> **Action item**: Retype the records below from their first line through the line containing "Gloss je na", and include nothing else.
Source data: Begin
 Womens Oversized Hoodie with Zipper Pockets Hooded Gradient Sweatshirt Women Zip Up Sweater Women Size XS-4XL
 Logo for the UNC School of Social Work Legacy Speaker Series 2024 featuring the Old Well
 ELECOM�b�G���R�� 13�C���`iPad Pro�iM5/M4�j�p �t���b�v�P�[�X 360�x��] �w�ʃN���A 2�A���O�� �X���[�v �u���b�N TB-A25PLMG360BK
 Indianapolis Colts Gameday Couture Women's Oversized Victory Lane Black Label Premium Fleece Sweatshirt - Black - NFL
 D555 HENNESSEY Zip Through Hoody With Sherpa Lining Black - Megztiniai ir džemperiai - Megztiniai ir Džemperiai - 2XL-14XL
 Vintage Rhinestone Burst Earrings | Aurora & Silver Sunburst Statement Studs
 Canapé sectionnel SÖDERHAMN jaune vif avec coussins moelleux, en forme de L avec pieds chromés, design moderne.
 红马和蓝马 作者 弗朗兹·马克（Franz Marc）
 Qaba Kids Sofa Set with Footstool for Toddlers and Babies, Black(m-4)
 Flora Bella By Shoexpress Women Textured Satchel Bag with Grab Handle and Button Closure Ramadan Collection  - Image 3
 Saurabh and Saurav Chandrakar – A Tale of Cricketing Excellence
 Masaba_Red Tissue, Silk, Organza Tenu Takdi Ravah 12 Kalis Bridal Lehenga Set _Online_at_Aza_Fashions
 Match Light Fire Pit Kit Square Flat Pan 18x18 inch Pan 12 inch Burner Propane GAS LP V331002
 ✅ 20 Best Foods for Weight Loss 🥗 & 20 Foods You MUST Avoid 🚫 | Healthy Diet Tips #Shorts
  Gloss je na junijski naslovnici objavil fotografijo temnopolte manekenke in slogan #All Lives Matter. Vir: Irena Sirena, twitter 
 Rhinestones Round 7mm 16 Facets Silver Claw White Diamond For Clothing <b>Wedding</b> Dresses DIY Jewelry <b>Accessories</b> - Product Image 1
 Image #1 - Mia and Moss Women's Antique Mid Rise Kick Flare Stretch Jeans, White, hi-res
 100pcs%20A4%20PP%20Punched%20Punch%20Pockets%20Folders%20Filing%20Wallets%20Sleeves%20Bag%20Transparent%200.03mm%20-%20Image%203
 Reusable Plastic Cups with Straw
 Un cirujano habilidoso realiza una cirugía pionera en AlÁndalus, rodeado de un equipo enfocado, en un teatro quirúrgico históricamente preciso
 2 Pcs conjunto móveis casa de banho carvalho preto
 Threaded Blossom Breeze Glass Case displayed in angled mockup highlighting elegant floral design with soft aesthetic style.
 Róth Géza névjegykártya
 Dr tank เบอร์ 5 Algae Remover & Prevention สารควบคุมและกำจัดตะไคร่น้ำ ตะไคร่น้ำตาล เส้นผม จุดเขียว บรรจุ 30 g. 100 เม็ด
Source data: End
> **Your solution**:
 Womens Oversized Hoodie with Zipper Pockets Hooded Gradient Sweatshirt Women Zip Up Sweater Women Size XS-4XL
 Logo for the UNC School of Social Work Legacy Speaker Series 2024 featuring the Old Well
 ELECOM�b�G���R�� 13�C���`iPad Pro�iM5/M4�j�p �t���b�v�P�[�X 360�x��] �w�ʃN���A 2�A���O�� �X���[�v �u���b�N TB-A25PLMG360BK
 Indianapolis Colts Gameday Couture Women's Oversized Victory Lane Black Label Premium Fleece Sweatshirt - Black - NFL
 D555 HENNESSEY Zip Through Hoody With Sherpa Lining Black - Megztiniai ir džemperiai - Megztiniai ir Džemperiai - 2XL-14XL
 Vintage Rhinestone Burst Earrings | Aurora & Silver Sunburst Statement Studs
 Canapé sectionnel SÖDERHAMN jaune vif avec coussins moelleux, en forme de L avec pieds chromés, design moderne.
 红马和蓝马 作者 弗朗兹·马克（Franz Marc）
 Qaba Kids Sofa Set with Footstool for Toddlers and Babies, Black(m-4)
 Flora Bella By Shoexpress Women Textured Satchel Bag with Grab Handle and Button Closure Ramadan Collection  - Image 3
 Saurabh and Saurav Chandrakar – A Tale of Cricketing Excellence
 Masaba_Red Tissue, Silk, Organza Tenu Takdi Ravah 12 Kalis Bridal Lehenga Set _Online_at_Aza_Fashions
 Match Light Fire Pit Kit Square Flat Pan 18x18 inch Pan 12 inch Burner Propane GAS LP V331002
 ✅ 20 Best Foods for Weight Loss 🥗 & 20 Foods You MUST Avoid 🚫 | Healthy Diet Tips #Shorts
  Gloss je na junijski naslovnici objavil fotografijo temnopolte manekenke in slogan #All Lives Matter. Vir: Irena Sirena, twitter 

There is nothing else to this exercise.